I am trying to use CMake for compiling CUDA based application on Windows (Visual Studio 2005). Here is an example stripped down CMake file:
cmake_minimum_required (VERSION 2.6)
project (HELLO)
#Support for CUDA Integration
FIND_PACKAGE(CUDA)
if(CUDA_FOUND)
SET(CUDA_NVCC_FLAGS "-arch;sm_13")
CUDA_ADD_EXECUTABLE(Hello hello.cu)
else(CUDA_FOUND)
message("CUDA is not installed on this system.")
endif()
There are a few issues I wish to understand with this.
When I open the solution file (Hello.sln), I don't see any custom build rule setup for the project (Right click on Project -> Custom build rules)
I do see a "Hello_generated_hello.cu.obj" added to my project in Visual Studio. What is this file and why is it added to the project?
By default CUDA Runtime API section doesn't come in Project properties.

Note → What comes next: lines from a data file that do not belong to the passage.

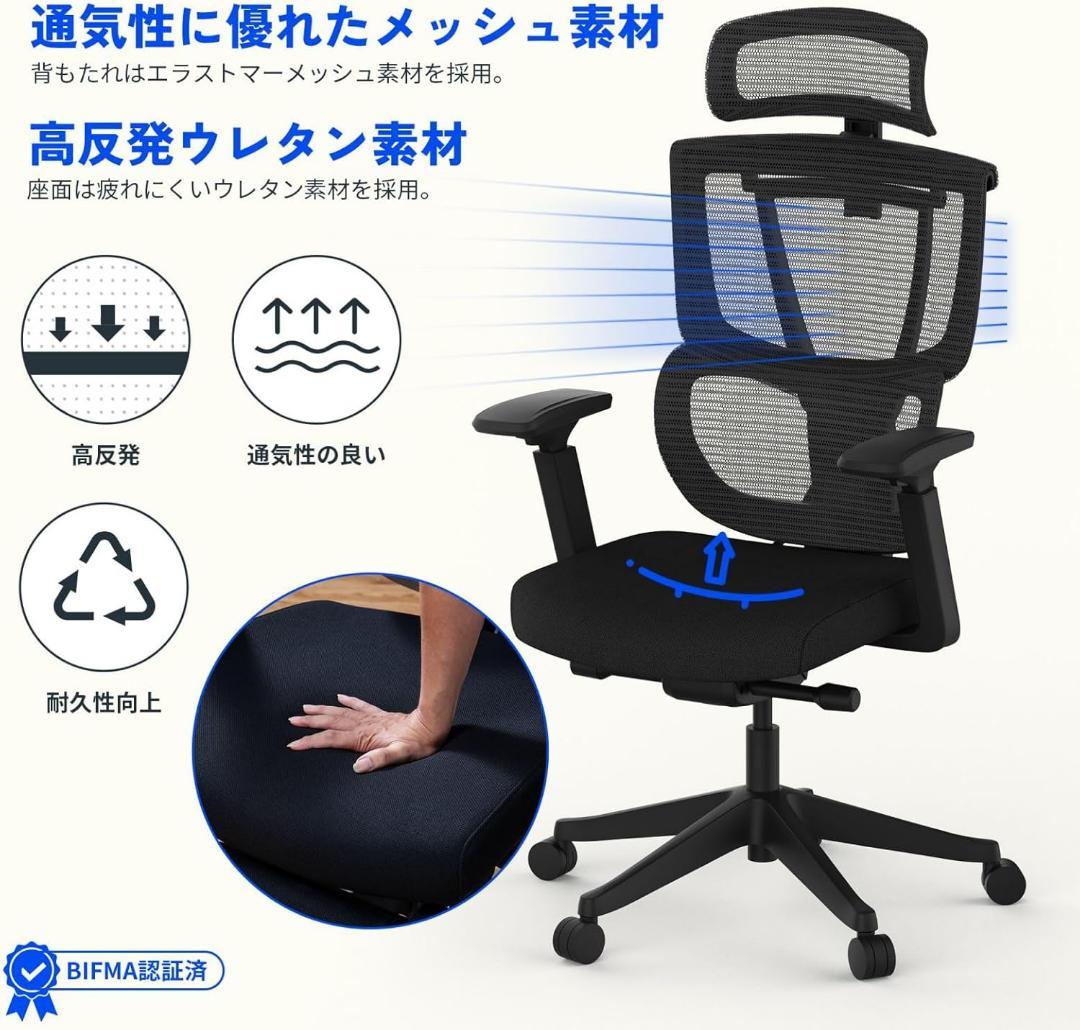 ⭐️新品⭐️FLEXISPOT オフィスチェア デスクチェア C7 人間工学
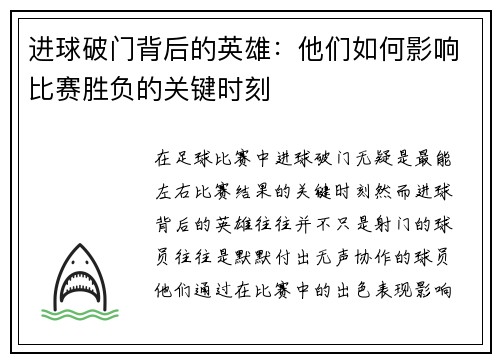 进球破门背后的英雄：他们如何影响比赛胜负的关键时刻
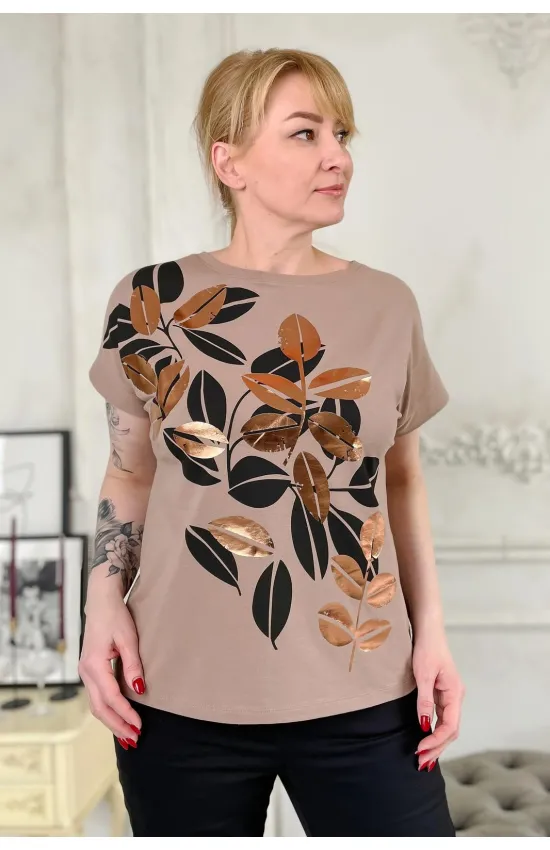 Кофта Rumoda 2145 капучино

If I enable an appropriate custom build rule (NvCudaRuntimeApi.rules), I can now see CUDA runtime API section. If I now go to GPU subsection, I see the GPU architecture still set to be sm_10.
Even if I use CUDA_INCLUDE_DIRECTORIES() Macro to add some directories for CUDA compilation, I won't see these settings in Project Properties -> CUDA Runtime API -> General -> Additional Include Directories.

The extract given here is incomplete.